My Kids Are An Embarrassment

I am a pretty mellow, quiet, non-confrontational introvert. My dear lamb of a husband, Tony, is the complete opposite of all those traits in every way. He has joked for our whole 18 years together that our relationship is built on embarrassment- specifically the embarrassment that I experience due to his inappropriately hilarious behavior. He is the life of every party. Everyone knows him, and no one forgets him. In an attempt to sneak away from any social gathering and get home to my pajamas and books, I am usually slouching in his shadow, rolling my eyes but also laughing at his antics on the inside. His sense of humor is what won me over in the first place, after all.

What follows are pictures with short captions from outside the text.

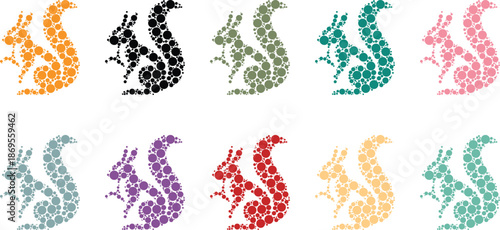 Colorful squirrel silhouettes made of circles rodent art, Abstract squirrel dot art animal set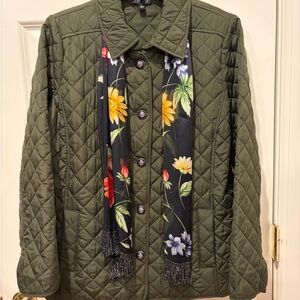 Jones New York Green Quilted Utility Jacket with matching scarf, size Large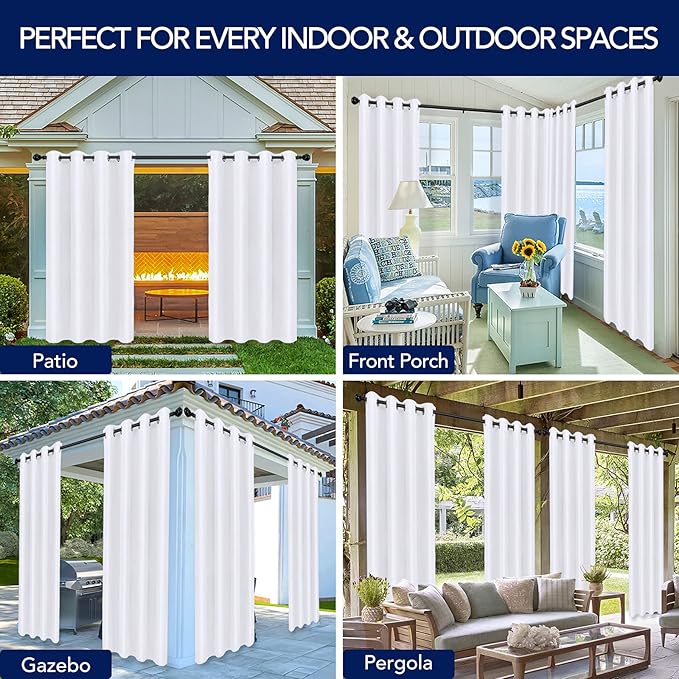 PureFit Outdoor Curtains for Patio Waterproof Weatherproof, UV Resistant Outside Curtains for Gazebo, Front Porch, Pergola, Sun Blocking Privacy Curtain, 52W x 120L inch, 1 Panel, White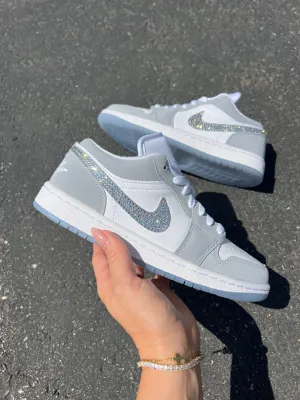 Blue Bottom Swarovski Womens Air Jordan Retro 1 Low Shoes Adidas Shoes Thick Laces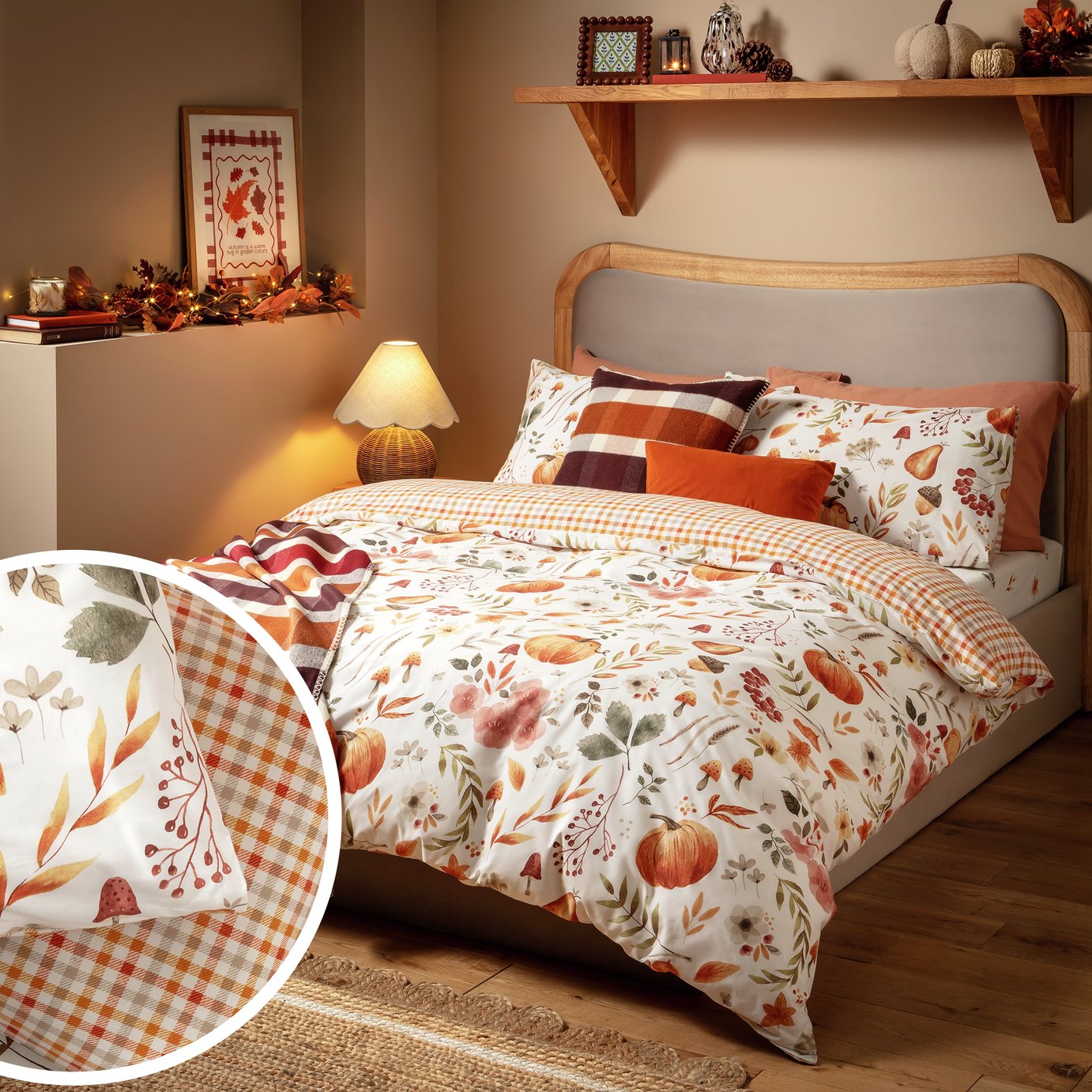 Argos Home Autumnal Pumpkin Gingham White Bedding Set - Single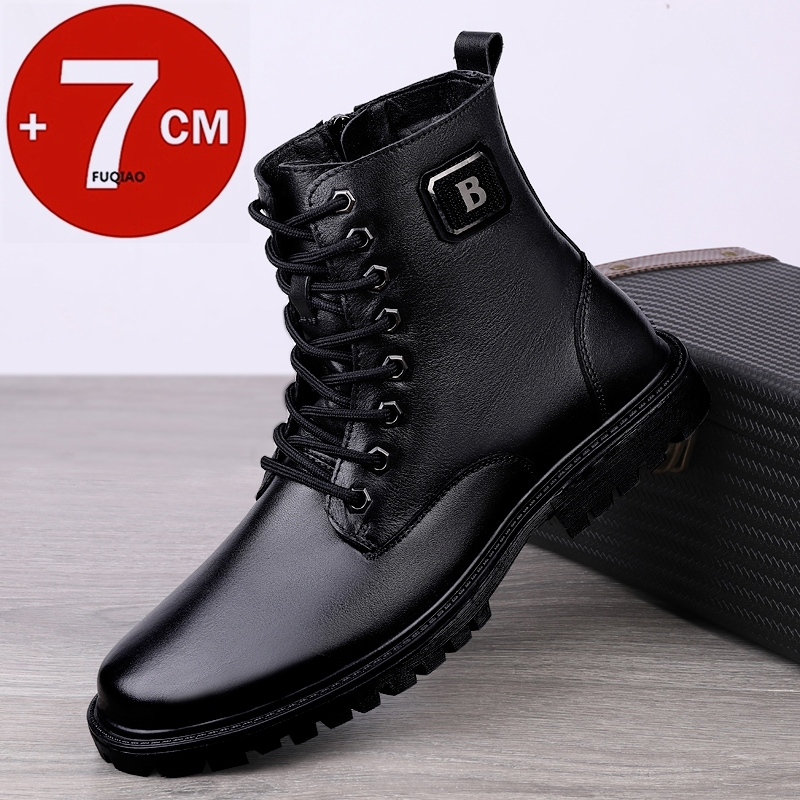 Men'S Shoes Height Increase - รองเท้าบูทหนังแท้ผู้ชาย บุขนอุ่นสำหรับฤดูหนาว แบบซิปขึ้นข้อเท้า เพิ่มความสูงแบบซ่อน 7 ซม.
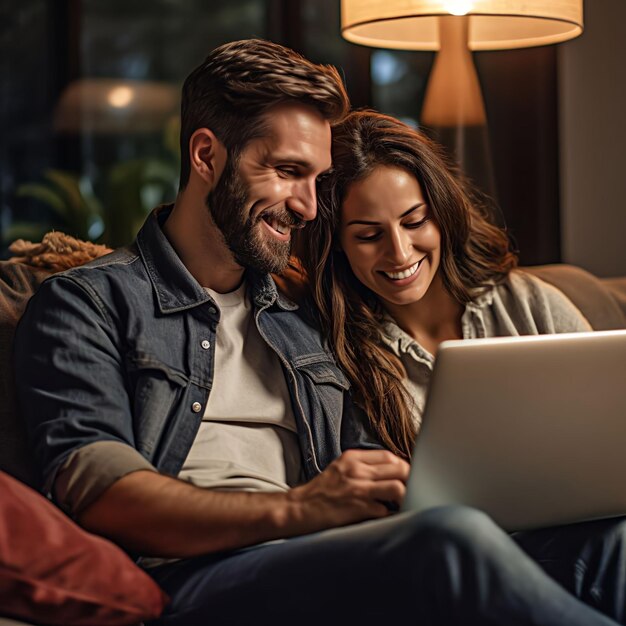 Foto um jovem casal sentado num sofá a planear o seu futuro financeiro e a olhar para um portátil com um fi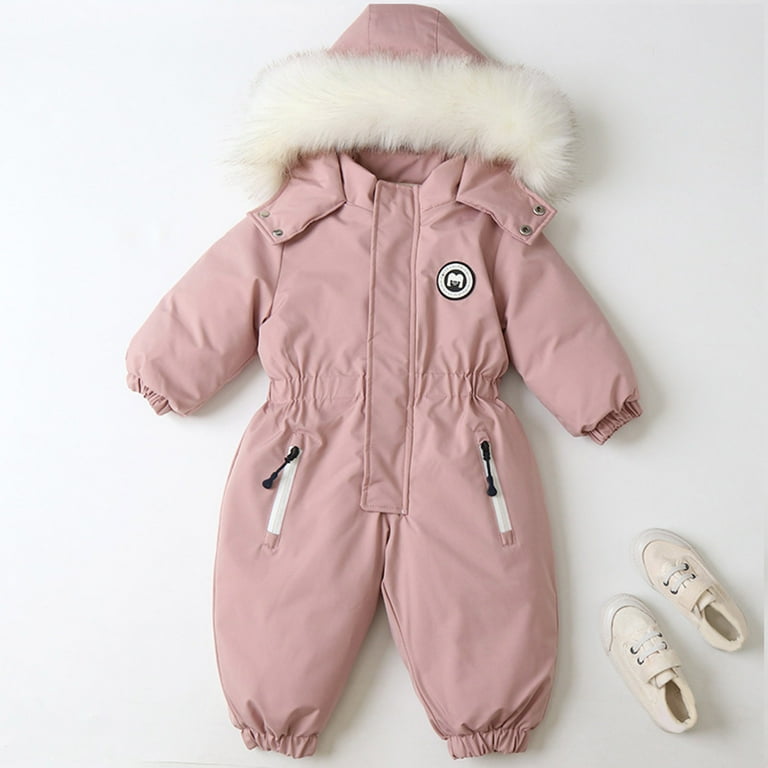 Kids Snow Pants Bib Kids Winter Snow Pants Girls Boys Girls Winter Thicken Hooded Coat Jacket Snowsuit Toddler Windproof Warm Jumpsuit Outwear Snow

I didn’t realize, and neither did he, that Tony was only gently preparing me for life with children. Watch out moms! They are seriously so embarrassing. Every little secret you’ve kept, is suddenly common knowledge to the world. Did you tweeze two whiskers on your chin? Now the neighbor knows. Did you fart in the comfort of your own bed? Now their kindergarten class has heard it in hyperbole form. Did you accidently call another driver a douche bag in a bout of road rage? Now your in-laws are asking if you allow such “nicknames” in your home (It was actually translated as Douche Bank in her five year old vernacular to be fair).

Now, children aren’t fearless little iconoclasts by any means, wreaking havoc on your reputation without a concern for their own. Oh no. They care. And you better not mess with their perfect standing in child society. Do not you dare put her ponytail too high, or someone may giggle! You better not pack that snack pack they can’t open without help, or the other boys will call him a sissy! How could you call your 10 year old by the name Sweetie and expect a hug? What were you thinking getting her a second kitten shirt? One is cute, Mom, but two? What is she now, a cat lady?

My daughters’ favorite place to invoke humiliation is Target, also known as Mom Headquarters. It’s our usual Saturday morning hang out. Picture it: an iced coffee, two cake pops, a few dollar spot items, my weekly list, and my dreams of one day decorating my house like a true Joanna Gaines. That’s the plan every week at least.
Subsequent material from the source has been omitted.